And while I don't have an inside baseball knowledge of the Obama administration, the administration strikes me as a "best and brightest" Harvard and Yale and Stanford type of administration, and that implies an equal degree of trained blindness throughout the administration. The "deer in the headlights" look is the problem that opportunities for success lie outside the field of vision of those presumed in terms of status to be the "best and brightest", so peering ahead shows only different ways of failing as far as the nearsighted navigators can see.


I've been accused of being a Marxist, yet while Harpo's my favourite, it's Groucho I'm always quoting.

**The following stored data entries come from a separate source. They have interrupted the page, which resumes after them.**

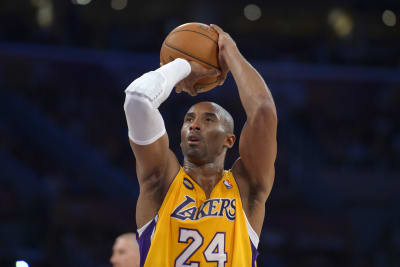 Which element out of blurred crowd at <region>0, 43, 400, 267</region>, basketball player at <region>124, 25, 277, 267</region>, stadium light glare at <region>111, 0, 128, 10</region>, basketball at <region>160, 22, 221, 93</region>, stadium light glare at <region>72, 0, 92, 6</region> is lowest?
basketball player at <region>124, 25, 277, 267</region>

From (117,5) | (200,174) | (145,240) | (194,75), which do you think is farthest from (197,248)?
(117,5)

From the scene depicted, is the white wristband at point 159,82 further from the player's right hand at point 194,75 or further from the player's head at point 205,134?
the player's head at point 205,134

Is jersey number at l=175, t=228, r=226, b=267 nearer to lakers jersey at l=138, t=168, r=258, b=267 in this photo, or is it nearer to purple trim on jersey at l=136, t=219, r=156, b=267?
lakers jersey at l=138, t=168, r=258, b=267

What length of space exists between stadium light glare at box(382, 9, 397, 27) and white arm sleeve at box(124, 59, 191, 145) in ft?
46.3

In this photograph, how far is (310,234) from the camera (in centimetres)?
1054

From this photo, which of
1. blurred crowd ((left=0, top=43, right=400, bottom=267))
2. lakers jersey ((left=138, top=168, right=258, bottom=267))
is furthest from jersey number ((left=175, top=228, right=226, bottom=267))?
blurred crowd ((left=0, top=43, right=400, bottom=267))

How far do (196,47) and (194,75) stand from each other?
0.17 meters

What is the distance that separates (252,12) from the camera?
16.4 m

Odd, that.

by BruceMcF (agila61 at netscape dot net) on Tue Mar 1st, 2011 at 03:05:24 PM EST
Thanks very much, Bruce. It's responses like yours which are the reason I wrote the diary.
It was a real question- an honest request for- thought.
Let me chew on your ideas for a while.

Capitalism searches out the darkest corners of human potential, and mainlines them.
by geezer in Paris (risico at wanadoo(flypoop)fr) on Wed Mar 2nd, 2011 at 10:25:28 AM EST
[ Parent ]
OK.
The neurons are up to speed after a nap. Whatever good that will do.
I'm tempted to point out that your "one" and "two" are not at all mutually exclusive, but could easily be sequential, but I know that wasn't where you were aiming. Granted.
Yes, the "channels" do seem to support a "Denial by Heresy" verdict, sentenced to (fail to)deal with the cleanup on an ad-hoc basis.
And yes- if you read my diary, "The best and the brightest" -I think I called it here- you will know I share your view of the limiting nature of deep, committed knowledge in a "field" (as described by Bourdieu) as more of a source of blindness than an aid to vision, if the thing you try to focus on is outside the permitted vocabulary of the field.
I've commented often about that, as in "Krugnered it"-(my newly invented verb for that very event). One could also say, perhaps, "-they came close, but in the end they Bakered the data).
But there remains the "blazing saddles" moment---

"Everybody freeze, or the nigger gets it!"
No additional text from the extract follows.